Revlon's Insta-Blush is a straightforward cream blush stick, and in many ways it lives up to its claims, at least if you want sheer color.
Insta-Blush is packaged in a plastic swivel-up tube with a clear cap. Inside is a remarkably creamy stick blush that glides onto skin with ease (no dragging at all here). It blends seamlessly over bare skin or foundation and sets to an attractive satin finish that gives skin a soft, flushed look.
Once this fragrance-free blush sets it feels comfortable, not drying thanks to its moisturizing formula. There are even some surprising beneficial ingredients for a blush, including niacinamide, antioxidants but they are wasted as they won't stay stable long in this packaging.
The emollient formula makes it best for those with normal to dry skin (oilier skin will likely see this slide off not long after application) that's not prone to breakouts.
As for wear, it holds up well throughout a standard work day without fading, and is easy to remove with your favorite cleanser or makeup remover.
The only drawback is that while Revlon emphasizes this is a sheer formula and it is, it takes quite a bit of layering to get any depth of color and the lightest shade (Rose Gold) is incredibly sheer, to the point where you have to pack on quite a bit to get it to show up—even if your skin tone is very light.
Otherwise this is a convenient and attractive product, and one of the better drugstore options for cream blushes.
- Easy to apply and blend.
- Attractive soft satin finish.
- Wears well without fading.
- Fragrance free.
- Formula is quite sheer (it takes a bit of work for the lightest color to even show up on skin).
Strengths: Superior foundations with sunscreen and each of them provide sufficient UVA protection (though one has a disappointing SPF 6); several outstanding concealers and powders; one of the best cream blushes around; great cream eyeshadow and liquid eyeliner; a beautiful selection of elegant lipsticks, lip gloss, and lipliner; some worthwhile specialty products.
Weaknesses: Average eye and brow pencils; inaccurate claims surrounding their Botafirm complex; mostly average to disappointing mascaras.
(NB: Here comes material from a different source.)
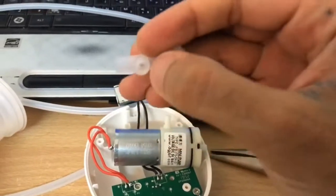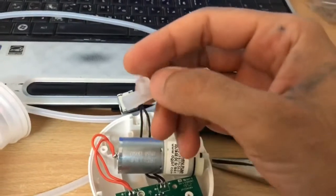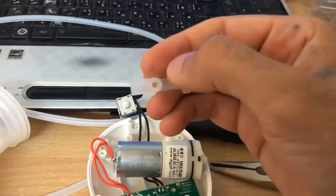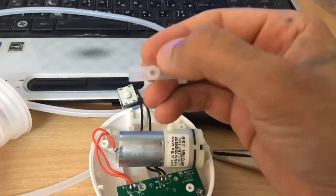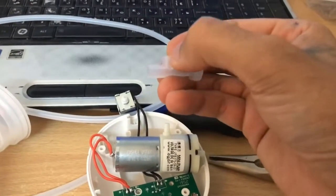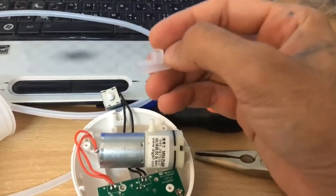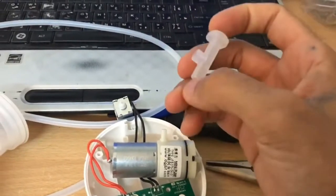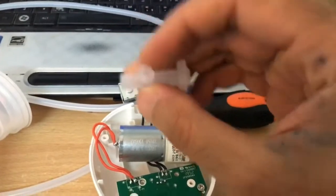This valve's opening was not open — it was sealed. It might be a manufacturing issue. What I did was take a very small screwdriver and heat it up to create the opening. You can test it yourself: before doing this, try to blow and no air goes in. Once I created the hole, air flows through properly.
It may surprise some of you to know that Revlon has been around since 1932, when the company launched a unique nail polish that used pigments instead of dyes. Lipsticks followed years later, and then a full line of cosmetics, which is how we know Revlon today. Although the company has had its continual share of ups and downs over the years (largely due to out-of-control debt coupled with aggressive spending), the line has recently made numerous improvements, especially in the realms of foundations, powders, eyeshadows, and mascaras. If their goal was to close the competitive gap between themselves and L'Oreal, for the most part they have succeeded. Revlon definitely has the edge for foundations with reliable sunscreens. But despite Revlon's attempt to improve their mascara range, L'Oreal remains the clear winner (as well as L'Oreal-owned Maybelline New York).
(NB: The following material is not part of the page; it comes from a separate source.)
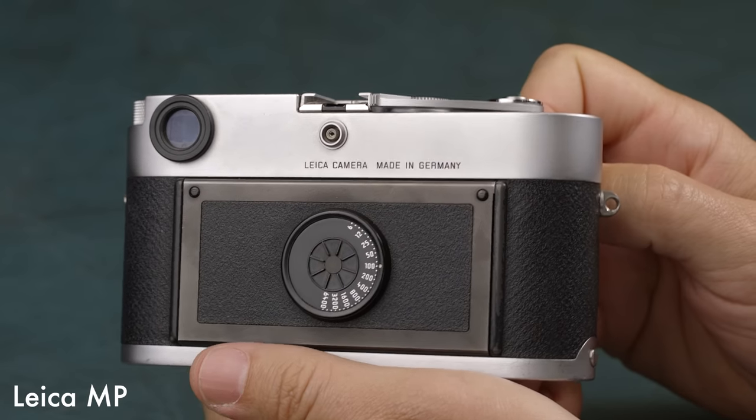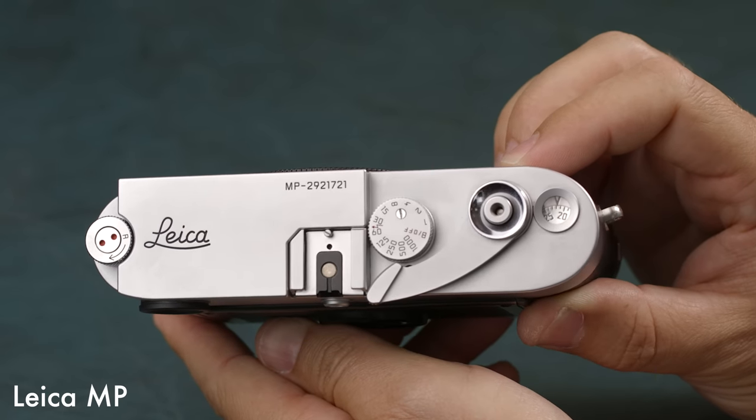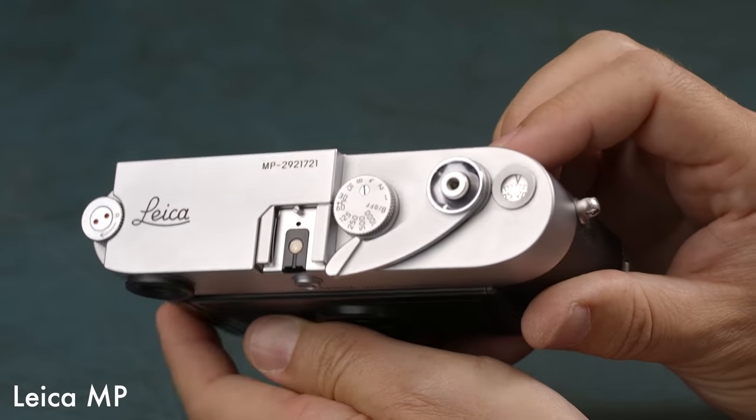I started on Leica cameras with the Leica M2, and after using it for quite a long time I really enjoyed it. Like everyone in the Leica world, you start looking for something a little different — maybe newer, maybe black. In my case I was lusting for black paint cameras, and the M2 in black is very rare and very expensive.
Revlon's vast selection of makeup is divided into three main brands: Age Defying for the forty-something and older woman concerned about wrinkles, ColorStay for the teen to mid-thirties woman concerned about keeping oily skin in check and making sure her makeup stays put, and PhotoReady for women of all ages. These brands present some outstanding options and include products for all skin types (although the range of skin tones is not as well-represented here as it is by L'Oreal).
An intriguing fact is that the longevity claims for ColorStay are quite accurate: this collection of products really does offer extraordinary staying power. Conversely, Revlon jumped on the works-like-Botox bandwagon with their Age Defying range, going so far as to name their antiwrinkle complex Botafirm. Is there any confusion about what that term is supposed to relate to? Despite the claims, Botafirm won't reduce expression lines or control the muscles that cause them, though the products themselves do have many impressive qualities.
Note:Revlon is categorized as one that tests on animals because their products are sold in China. Although Revlon may not conduct animal testing for their products sold elsewhere, the Chinese government requires imported cosmetics be tested on animals, so foreign companies retailing there must comply. This requirement is why some brands state that they dont test on animals unless required by law. Animal rights organizations consider cosmetic companies retailed in China to be brands that test on animals, and so does the Beautypedia Team.
Suffice it to say, Revlon has more commendable products than ever before, and although they rely heavily on celebrity spokespersons, their best products ably speak for themselves.